Council moves to fund Center for Business and Education
- Published: September 26, 2013
At its Sept. 16 meeting, Village Council took a first step toward approving a Tax Increment Financing, or TIF, funding mechanism to pay for $700,000 in remaining costs for infrastructure development at the Center for Business and Education, or CBE. In recent years the Village has taken on oversight of the project, which was originally developed by Community Resources.
Council members Judith Hempfling, Gerry Simms and Karen Wintrow unanimously agreed to move ahead; Rick Walkey and Lori Askeland were both absent. Council requested that a resolution to approve the TIF be prepared for Council’s next meeting, on Oct. 7.
“It’s a large investment, but one that will repay the Village and local schools in property tax and jobs,” Wintrow said. “We’re being asked to take a little bit of a gamble but I think we’re in a position to do that.”
At Council’s last meeting CR Board Member Jerry Sutton made a request from that group that the Village fill the funding gap for the CBE that was left when a Ohio Department of Transportation grant for about $344,000 was rescinded earlier this year. The grant was dropped due to the delay in developing the CBE, which has been in the design phase for over five years. In an earlier interview, Sutton linked the delay to the extended period around the Village submissions to ODOT of engineering designs, and ODOT’s request for changes. The Village had contracted with Jacobs Engineering for the designs.
The total amount needed to finish the project is $1.1 million.
The Village also has a federal Army Corps of Engineers grant of $412,000 for the project, along with $27,000 from Community Resources and $50,000 from the Township Trustees.
Sutton repeated the CR request at Council’s Sept. 16 meeting. Because the Village had earlier agreed to oversee the state and federal grants for the project, it has a “moral obligation” to follow through on finishing the project, he said. And the project will be a significant boost for local economic development, Sutton said, citing his own study that projects that, once filled with businesses, the CBE will bring to the Village about $800,000 annually in property and income taxes, versus the $250 currently paid in property tax.
“From $250 to $800,000, it’s a straightforward business decision,” he said.
Attorney Margaret Comey of the Cincinnati firm Squires Sanders presented information on funding options for the CBE, using the higher figure of $700,000 to allow for 10 percent in cost overruns. Along with the amount needed to fill the gap, CBE promoters are also concerned that further delays could result in losing the USACE grant, resulting in a far larger total cost for the project, so that time is of the essence.
“A key objective is to move ahead quickly to protect the $412,000 federal grant,” she said.

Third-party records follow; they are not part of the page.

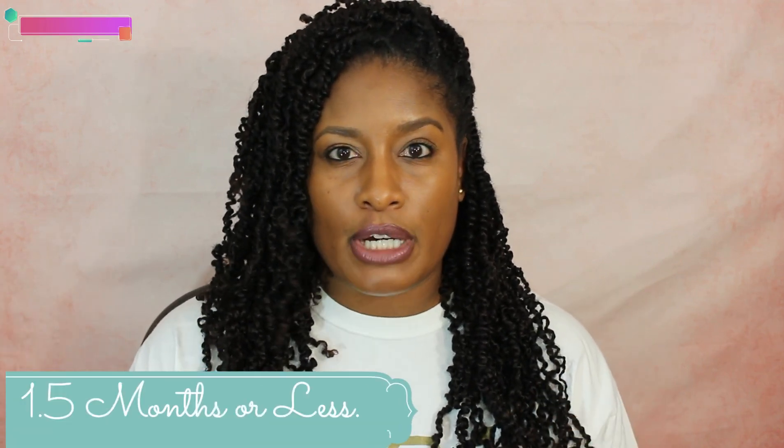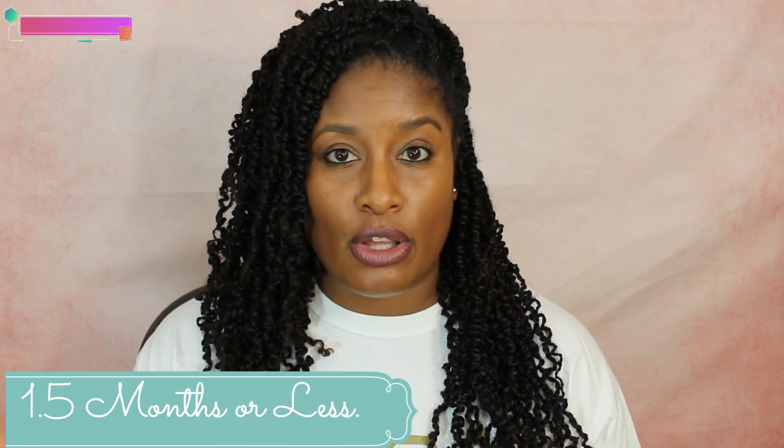I've had these twists for four months now. If you're going to wear yours for four months, I highly recommend that you retwist them at least one and a half months in if you're going to keep them in long. Make sure you retwist them. I have retwisted my whole entire head at least once, and the perimeter and the back I've retwisted at least every two weeks.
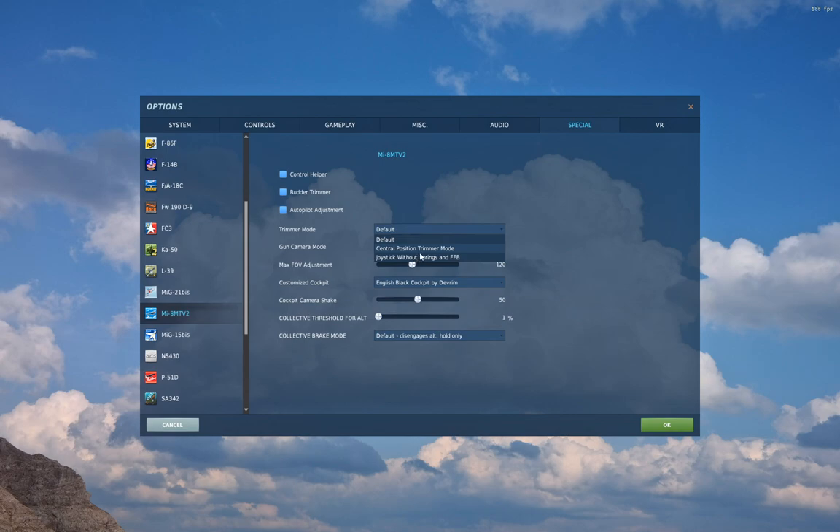I prefer Central Position mode. Some people don't, because they don't like giving up cyclic authority. I don't like the behavior in Default where you press trim and it essentially doubles the axis values for pitch and roll, sending you wobbling all over the place. The last option — Joystick Without Springs and Force Feedback — is for joysticks that do not center themselves and stay put when you let go. If you push your joystick forward halfway, let go, and it stays there, this is the setting for you.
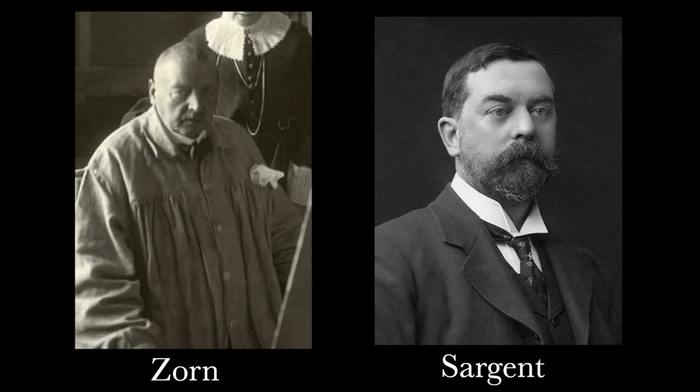Technically speaking, Sorolla was a master at the expressive alla prima style approach, which involves creating a painting in one layer, sometimes even in just one session, using big, bold brushstrokes. Two other world-famous artists at the time were also known for this method: John Singer Sargent and Anders Zorn. Generally, if you're a fan of those two, you also like Sorolla.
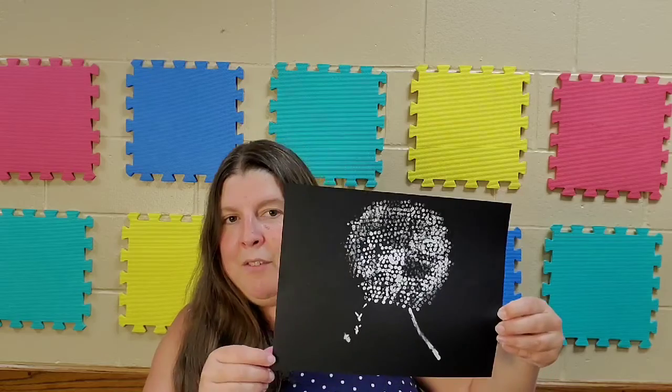Hi everyone, it's Danielle at the Clifton Springs Library. Thank you for joining us today for our second Take and Make Craft Kit of Adult Summer Reading 2020. Today we are going to be making q-tip art. We're going to be making our own beautiful wispy dandelions, and this is the one that I made for practice.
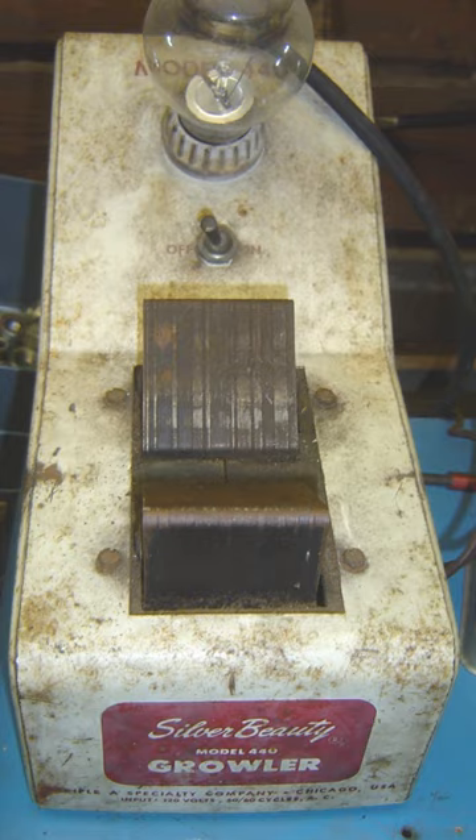A growler is an electrical device used for testing insulation of a motor for shorted coils. A growler consists of a coil of wire wrapped around an iron core and connected to a source of alternating current. When placed on the armature or stator core of a motor, the growler acts as the primary of a transformer and the armature coils act as the secondary. A feeler, a thin strip of steel, can be used as the short detector.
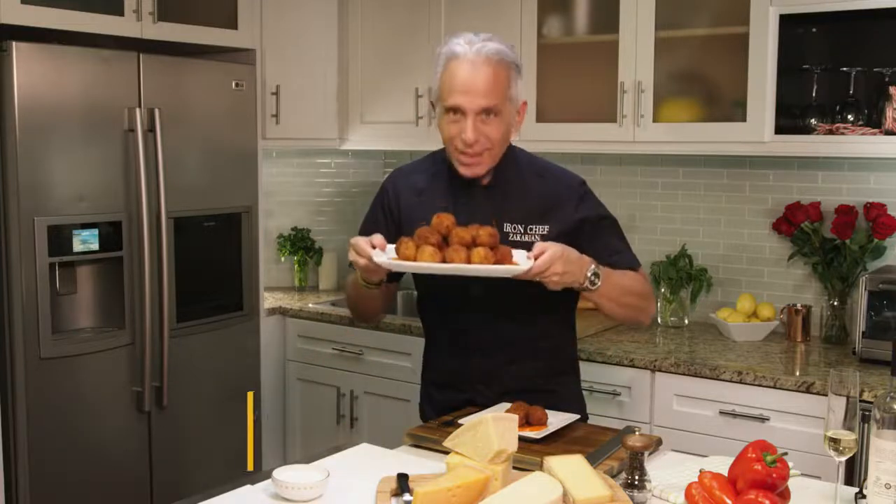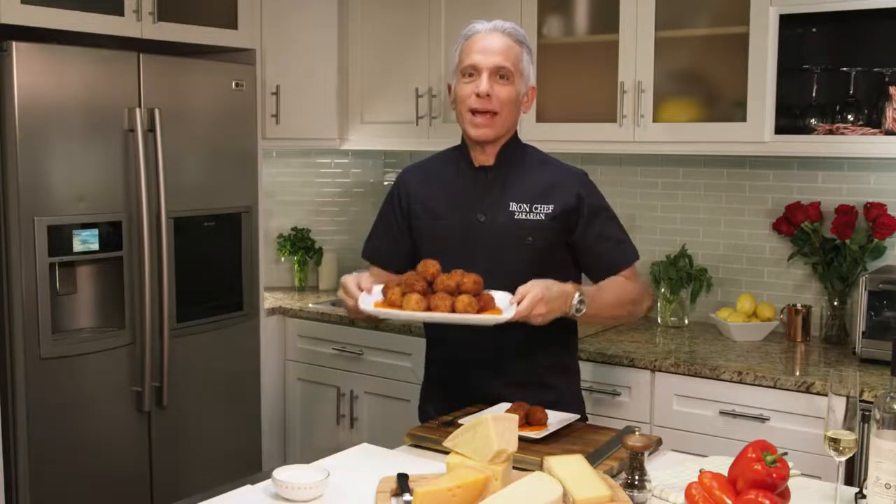Hello, Bingo Blitz chefs. I hope you've already made the delicious arancini sausage in Blitzy's Gourmet Kitchen. Today, I am challenging you to bring it into your kitchens.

Given the need for speed and flexibility, Comey recommended the TIF funding mechanism, which allows the Village to leverage future property tax revenues from the CBE to pay for current infrastructure improvements. After the property is developed, and businesses occupy the space, the Village would receive the amount that the businesses normally pay for their property tax, and use that revenue to repay the original loan. The TIF would also affect local schools, which receive a larger portion of property tax, by delaying the amount that they receive, although it would not diminish that amount, according to Comey. However, the Village should discuss the TIF with the school district to clarify the funding option, she said.
The TIF would be in the form of bond anticipation notes, or BANs, which are bond notes that are renewed yearly, as compared to the longer-term financing of a fixed term bond, according to Comey. The Village could move ahead faster with notes rather than bonds, according to Comey, who recommended them due to their relative speed. Because it takes about 90 days to create a TIF area, the Village could move ahead on financing by early 2014.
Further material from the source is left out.